In a sober, scholarly and detailed style, this IRES work on the Sahara reviews the relations of the different tribes with the Sultan of Morocco, embodied in the act of the Be'ia, which is considered the most complete form of Islamic jurisprudence as far as the attributes of their sovereignty are concerned. "Founded in 789 by Sultan Mulay Idris I, Morocco is one of the oldest internationally constituted states. Although it has evolved significantly', the White Paper notes that 'Morocco has maintained its political and institutional foundations, such as its monarchical character and its adherence to the rules of Muslim public law, particularly with regard to the exercise of power'.  

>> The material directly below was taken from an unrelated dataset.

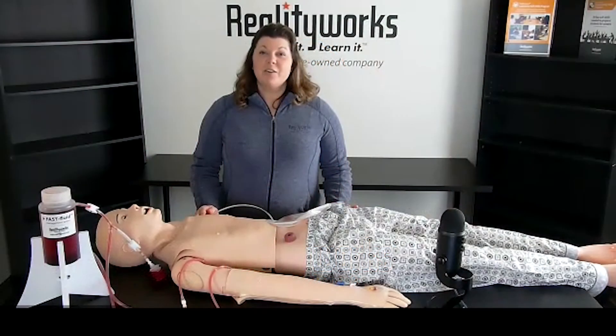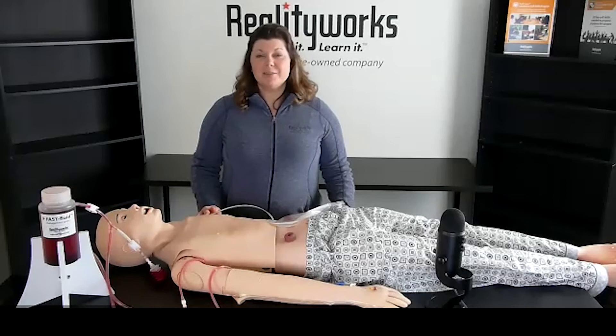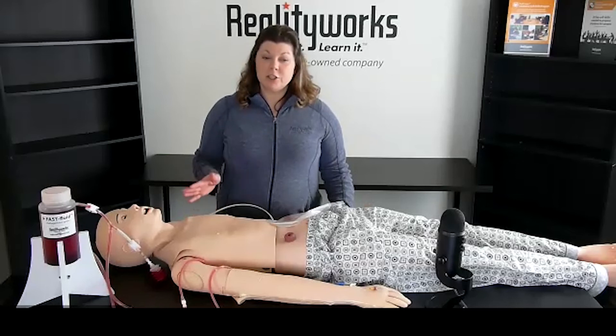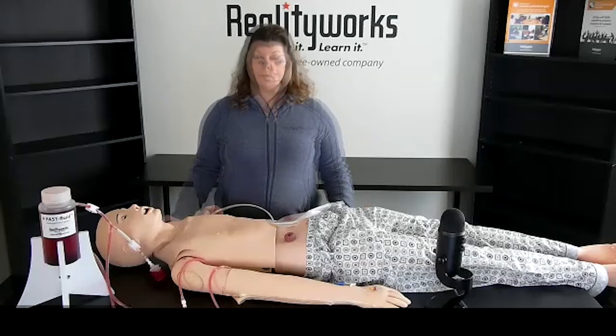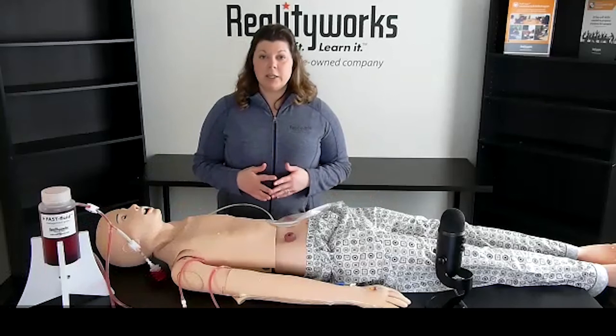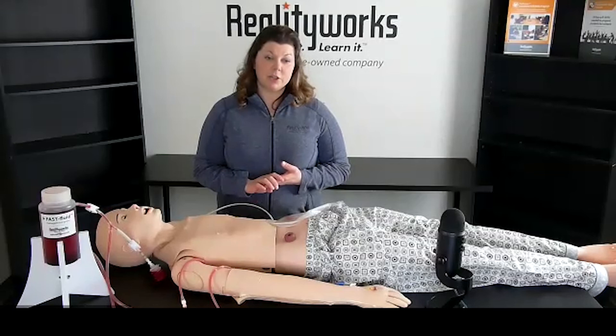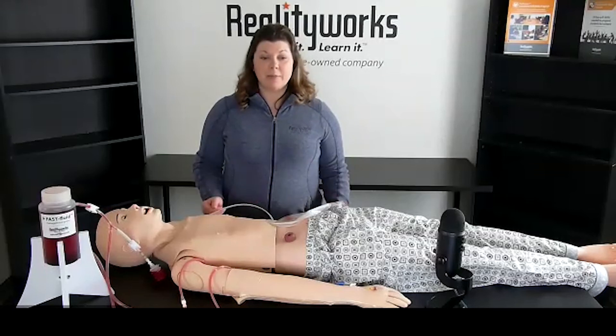The adult nursing mannequin does over 20 different cares and I just demonstrated three of them. This mannequin comes with a curriculum that is over six to eight hours long of teaching time. It includes presentation slides, student activities, as well as pre and post assessments. The curriculum includes basic bathing, catheterization, intradermal, intramuscular, IV administration and insertion, ostomy, phlebotomy, pressure injuries, and range of motion.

The detailed work includes a study of the current situation in the "Moroccan Sahara", formerly "Spanish Sahara" and later "Western Sahara", both in the territory itself, with its spectacular economic, commercial, technological, social and cultural developments, and in the refugee camps in Tindouf, under Algerian control and responsibility. Contrast the multiple development of the Sahara promoted by the Moroccan state, with the deteriorating social and health conditions of the tens of thousands of Saharawis held by the Polisario Front militias who, under the strict tutelage of the Algerian government, represent a factor of growing instability in the entire Sahel-Saharan region, the document argues.  

Faced with the Algerian regime's systematic rejection of the 'outstretched hand' offered by King Mohammed VI, thus preventing the development of the Maghreb as a regional entity, the White Paper points to the need to re-establish relations between Morocco and Algeria as soon as possible, the real crux of the problem, for the benefit of all the populations of North Africa.  

Aided by the publication of unpublished maps of the Hirafi Empire dating from the colonial period, the IRES document recalls that since the 11th century, when the Almohad dynasty that emerged in the Sahara reigned, this emporium of trade routes has constituted the central axis of the Moroccan state as an engine of political transitions, an economic corridor between the Mediterranean and sub-Saharan Africa, and a space for encounters and exchanges through which Morocco spread Islam on the African continent.  

"Since the end of the French Protectorate in 1956, Morocco has not ceased to demand the total decolonisation of the whole territory and in particular the Sahara, a region of 266,000 square kilometres, located between Tarfaya in the north and Cabo Blanco in the south, amputated from the Jerifian Empire by Spanish colonisation between 1884 and 1975, when Spain withdrew". 

The persistence of the conflict, considered artificial by the IRES, has given rise to the process set in motion by the United Nations at Morocco's request for a peaceful solution. King Mohammed VI has offered as a fair and amicable way forward an advanced regionalisation that will allow local populations to take the levers for their development and progress into their own hands; a proposal accepted by many countries and by the main powers, including Spain.